Implement the logic to invert the normal sense of matching, so that when the -v flag is given your filter finds non-palindromes. Commit your changes when you succeed implementing this option.


Lab 04 Extra Credit: Reimplement the wc Command as a Python Script


The following task can be undertaken for extra credit. The extra credit will be worth 15 extra points for undergraduate students, and 5 extra points for graduate students.

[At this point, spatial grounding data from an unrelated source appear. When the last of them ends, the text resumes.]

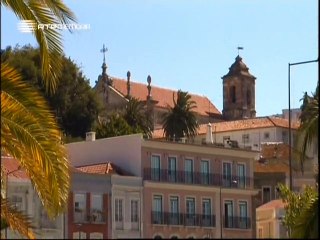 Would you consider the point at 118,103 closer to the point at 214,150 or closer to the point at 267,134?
the point at 267,134

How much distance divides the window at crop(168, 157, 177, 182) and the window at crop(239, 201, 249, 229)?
5.94m

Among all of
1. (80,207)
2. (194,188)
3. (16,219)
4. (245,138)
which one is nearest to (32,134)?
(16,219)

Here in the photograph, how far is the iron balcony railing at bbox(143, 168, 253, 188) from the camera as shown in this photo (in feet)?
226

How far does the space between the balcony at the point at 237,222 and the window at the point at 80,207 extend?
12.3 metres

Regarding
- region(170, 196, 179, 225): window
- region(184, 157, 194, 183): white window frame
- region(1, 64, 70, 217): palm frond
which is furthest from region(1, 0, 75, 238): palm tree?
region(184, 157, 194, 183): white window frame

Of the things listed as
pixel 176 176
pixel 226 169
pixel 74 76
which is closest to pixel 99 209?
pixel 176 176

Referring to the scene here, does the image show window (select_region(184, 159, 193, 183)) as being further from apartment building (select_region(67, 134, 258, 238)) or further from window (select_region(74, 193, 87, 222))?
window (select_region(74, 193, 87, 222))

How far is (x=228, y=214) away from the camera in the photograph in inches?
2849

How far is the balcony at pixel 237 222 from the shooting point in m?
71.6

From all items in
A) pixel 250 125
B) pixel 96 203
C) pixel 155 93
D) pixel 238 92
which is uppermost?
pixel 238 92

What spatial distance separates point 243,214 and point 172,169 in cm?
671

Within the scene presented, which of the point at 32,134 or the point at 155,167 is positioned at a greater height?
the point at 155,167

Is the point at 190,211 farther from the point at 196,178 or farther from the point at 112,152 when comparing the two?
the point at 112,152

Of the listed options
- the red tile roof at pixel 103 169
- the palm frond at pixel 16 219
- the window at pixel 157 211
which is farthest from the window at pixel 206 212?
the palm frond at pixel 16 219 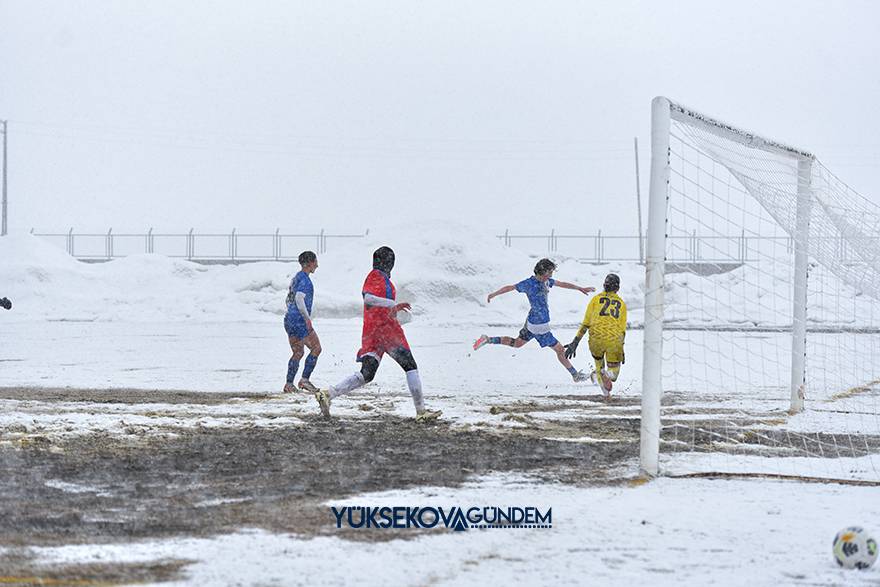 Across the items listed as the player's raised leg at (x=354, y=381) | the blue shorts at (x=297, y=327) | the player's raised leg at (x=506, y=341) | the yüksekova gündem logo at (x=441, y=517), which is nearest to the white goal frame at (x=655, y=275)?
the yüksekova gündem logo at (x=441, y=517)

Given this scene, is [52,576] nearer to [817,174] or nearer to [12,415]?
[12,415]

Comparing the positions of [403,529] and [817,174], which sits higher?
[817,174]

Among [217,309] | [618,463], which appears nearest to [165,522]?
[618,463]

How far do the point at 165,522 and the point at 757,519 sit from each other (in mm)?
2901

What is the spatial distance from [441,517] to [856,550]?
1.95 metres

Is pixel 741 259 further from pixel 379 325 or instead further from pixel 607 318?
pixel 379 325

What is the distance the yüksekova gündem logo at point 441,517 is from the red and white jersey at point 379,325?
13.8 feet

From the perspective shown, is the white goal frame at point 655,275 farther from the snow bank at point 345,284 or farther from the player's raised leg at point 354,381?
the snow bank at point 345,284

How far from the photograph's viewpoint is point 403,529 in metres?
5.43

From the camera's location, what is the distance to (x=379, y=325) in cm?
1008

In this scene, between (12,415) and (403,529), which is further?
(12,415)

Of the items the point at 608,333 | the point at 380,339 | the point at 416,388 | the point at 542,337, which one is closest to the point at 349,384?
the point at 380,339

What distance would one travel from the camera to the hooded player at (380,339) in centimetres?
999

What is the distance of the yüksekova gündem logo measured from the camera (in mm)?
5516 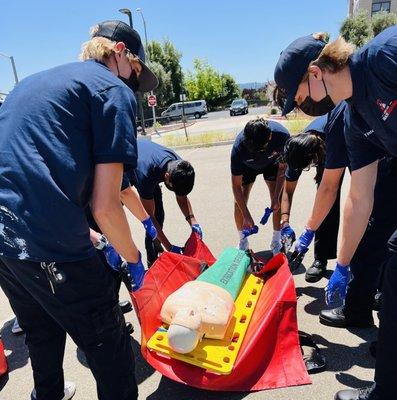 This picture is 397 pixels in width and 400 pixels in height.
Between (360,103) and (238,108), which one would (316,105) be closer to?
(360,103)

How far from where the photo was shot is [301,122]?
15312 mm

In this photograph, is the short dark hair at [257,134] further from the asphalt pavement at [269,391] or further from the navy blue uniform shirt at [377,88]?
the navy blue uniform shirt at [377,88]

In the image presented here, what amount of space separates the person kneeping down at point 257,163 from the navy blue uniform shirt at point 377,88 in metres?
1.46

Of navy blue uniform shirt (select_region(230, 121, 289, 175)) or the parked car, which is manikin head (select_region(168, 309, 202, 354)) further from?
the parked car

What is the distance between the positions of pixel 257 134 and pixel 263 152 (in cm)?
32

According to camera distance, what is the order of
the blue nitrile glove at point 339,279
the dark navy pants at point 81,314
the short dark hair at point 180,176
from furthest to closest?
the short dark hair at point 180,176
the blue nitrile glove at point 339,279
the dark navy pants at point 81,314

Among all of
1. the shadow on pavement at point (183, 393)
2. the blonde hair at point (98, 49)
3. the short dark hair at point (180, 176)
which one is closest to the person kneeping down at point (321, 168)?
the short dark hair at point (180, 176)

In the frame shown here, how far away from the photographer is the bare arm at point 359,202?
2.10 m

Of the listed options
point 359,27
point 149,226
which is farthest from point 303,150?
point 359,27

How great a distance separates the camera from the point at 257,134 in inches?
131

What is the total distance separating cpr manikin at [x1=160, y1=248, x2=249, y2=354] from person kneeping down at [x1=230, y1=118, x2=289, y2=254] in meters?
1.24

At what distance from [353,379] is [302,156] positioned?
1.57 m

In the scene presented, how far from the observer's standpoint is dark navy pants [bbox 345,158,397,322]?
236cm

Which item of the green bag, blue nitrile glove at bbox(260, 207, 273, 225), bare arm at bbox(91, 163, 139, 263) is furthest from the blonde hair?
blue nitrile glove at bbox(260, 207, 273, 225) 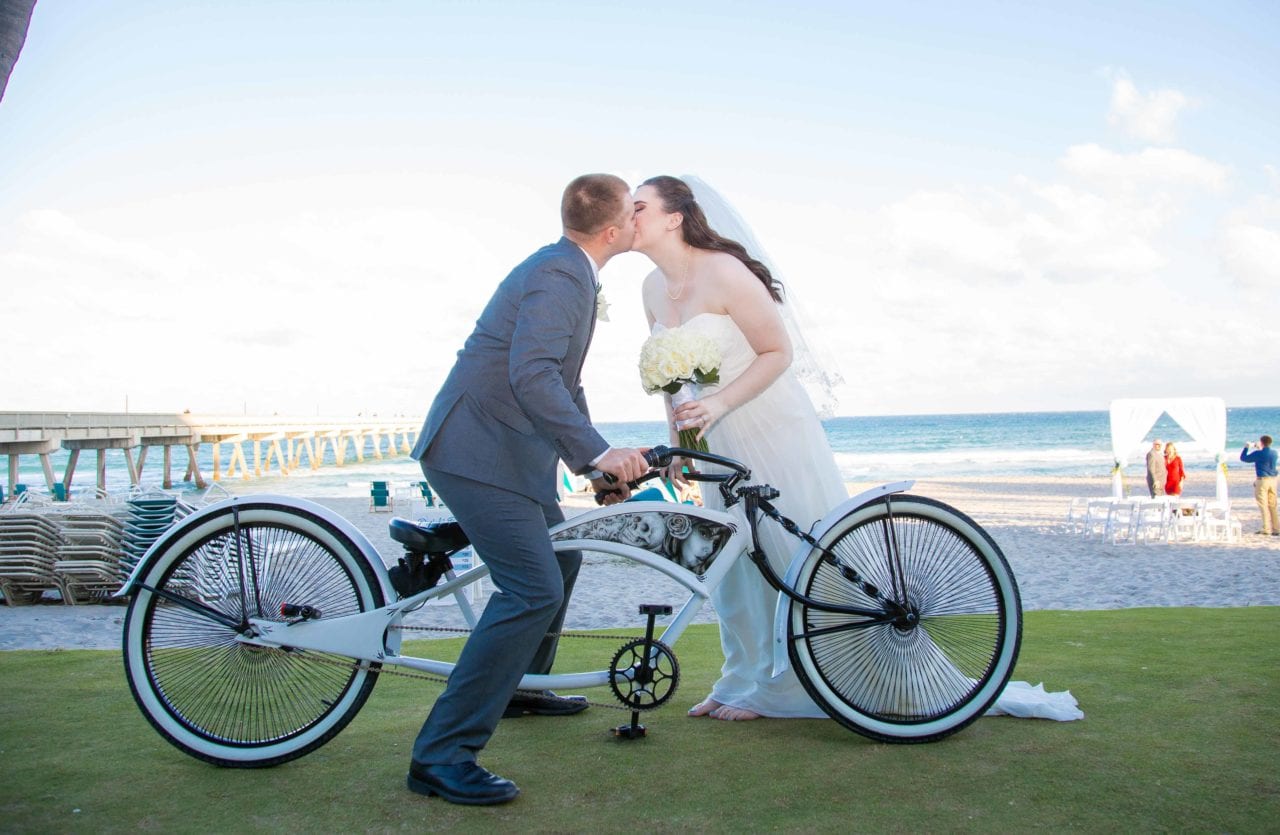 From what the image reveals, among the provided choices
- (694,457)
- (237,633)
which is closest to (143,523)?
(237,633)

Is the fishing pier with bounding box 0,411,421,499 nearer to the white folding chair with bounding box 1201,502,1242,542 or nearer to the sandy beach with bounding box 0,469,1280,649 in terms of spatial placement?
the sandy beach with bounding box 0,469,1280,649

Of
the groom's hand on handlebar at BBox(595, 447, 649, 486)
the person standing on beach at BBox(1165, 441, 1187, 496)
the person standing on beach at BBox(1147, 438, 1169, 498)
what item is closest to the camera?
the groom's hand on handlebar at BBox(595, 447, 649, 486)

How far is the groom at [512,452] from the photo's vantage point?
2.86 meters

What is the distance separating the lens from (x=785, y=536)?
3734 millimetres

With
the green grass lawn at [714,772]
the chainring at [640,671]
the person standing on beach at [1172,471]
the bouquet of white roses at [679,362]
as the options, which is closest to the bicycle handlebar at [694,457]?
the bouquet of white roses at [679,362]

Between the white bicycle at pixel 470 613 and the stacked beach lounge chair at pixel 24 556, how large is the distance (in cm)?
759

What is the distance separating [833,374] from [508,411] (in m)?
1.89

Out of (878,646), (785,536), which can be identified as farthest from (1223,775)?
(785,536)

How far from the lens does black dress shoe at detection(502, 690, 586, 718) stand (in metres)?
3.79

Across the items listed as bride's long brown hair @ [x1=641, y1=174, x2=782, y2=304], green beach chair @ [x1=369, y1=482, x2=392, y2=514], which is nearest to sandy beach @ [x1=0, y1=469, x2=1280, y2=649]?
bride's long brown hair @ [x1=641, y1=174, x2=782, y2=304]

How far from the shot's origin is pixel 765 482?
12.7ft

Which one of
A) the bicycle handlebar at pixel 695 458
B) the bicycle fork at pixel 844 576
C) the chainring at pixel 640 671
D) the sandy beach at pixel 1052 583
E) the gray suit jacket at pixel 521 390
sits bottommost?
the sandy beach at pixel 1052 583

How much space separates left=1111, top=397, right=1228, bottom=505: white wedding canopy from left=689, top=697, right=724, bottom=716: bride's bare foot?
16.7 metres

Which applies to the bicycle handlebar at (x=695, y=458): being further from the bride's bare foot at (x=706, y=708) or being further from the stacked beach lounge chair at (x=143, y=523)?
the stacked beach lounge chair at (x=143, y=523) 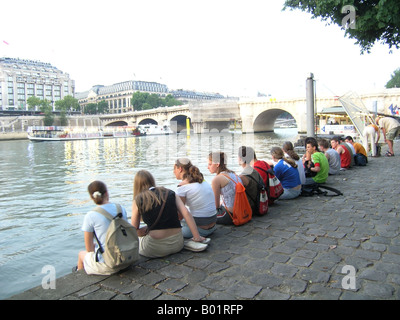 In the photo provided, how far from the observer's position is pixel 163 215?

The task is to reimplement the wc command as a python script. Call your script wc.py. You should be able to use the palindrome.py as a base for your work. You need to support the -l, -w and -c options. In fact, asking for help from your wc.py filter should produce the following usage message:


[harry@nisl lab04]$ wc.py -h

Usage: wc.py [options]


options:

-h, --help display this help and exit

-c, --bytes print the byte counts

-l, --lines print the newline counts

-w, --words print the word counts


You will need to, of course, correctly specify and parse the options using the optparse Python library, as well as implement the logic to display the counts. Your implementation should give exactly the same results when filtering standard input as the wc command:


[harry@nisl lab04]$ cat hello.py | wc

3 6 51

[harry@nisl lab04]$ cat hello.py | wc -w

6

[harry@nisl lab04]$ cat hello.py | wc.py

3 6 51

[harry@nisl lab04]$ cat hello.py | wc.py -w

6


To get full credit you need to implement the logic and the indicated options, and add and commit your wc.py script to your lab04 repository directory.